Panel discussion: The Future of Arts Funding – Local and National Perspectives

As part of the Making CBRarts Happen forum a panel of local and national experts discussed the future of arts funding. The panel discussion was facilitated by Cathy Hunt, Director of Positive Solutions. The panel participants were:

  • Marie-Louise Carroll, Creative Partnerships Australia;
  • Frank Panucci, Australia Council for the Arts; and
  • Adam Stankevicius, Cultural Canberra, ACT Government.

Panel members gave an overview of their role in arts funding and the floor was opened to questions from the facilitator and forum participants. During the panel discussion and questions several key themes emerged.

Sector Capacity

  • The costs of administration for grant writing for an artist or organisation may be unsustainable for organisations in the context of limited staff resources and actual financial benefit.

Engagement with Public Funding

  • General consensus that government funding is likely to be static for the immediate future, and organisations and artists need to consider other sources of funding including federal government funding, philanthropy, sponsorship and business partnerships. This need has resourcing implications for small organisations.
  • The low application and low success rate amongst ACT artists who do apply for Australia Council funding.
  • The need to increase the ACT based artists sitting on Australia Council Funding panels in a peer capacity.

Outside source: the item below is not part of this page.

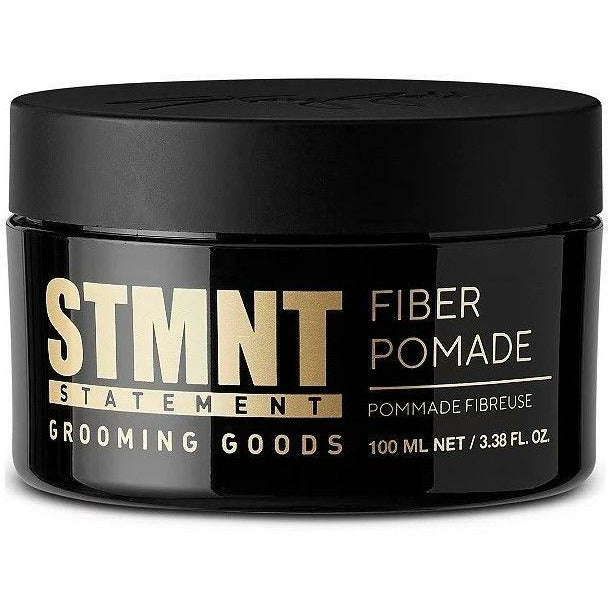 STMNT Grooming Goods Fiber pomade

Developing the case for Private Funding

The importance of artists and arts organisations:

  • having a clear, succinct and exciting ‘narrative pitch’ for philanthropists, articulating the aesthetic and social impact of engagement; and
  • importance of knowing who your audience is and nurturing relationships with donors and potential donors.

Future Trends

Future trends in arts funding, including:

  • shared services organisational models;
  • more focus on the demonstrating qualitative benefits of the arts when making the case for funding;
  • engendering genuine partnerships between philanthropists artists and arts organisations (not just donating money); and
  • New models of funding:
    • interest free micro loans;
    • the growing trend of individual giving – private giving is increasing at a rate higher than grants through philanthropy;
    • the rise in the number of community giving organisations, giving circles and collective giving (e.g. crowd funding); and
    • impact investment – donors wanting to see a direct impact.
Group Discussions

The group discussions identified key features of Canberra’s arts sector and then progressed to consider how the ACT Government can support the four principles outlined in the ACT Arts Policy.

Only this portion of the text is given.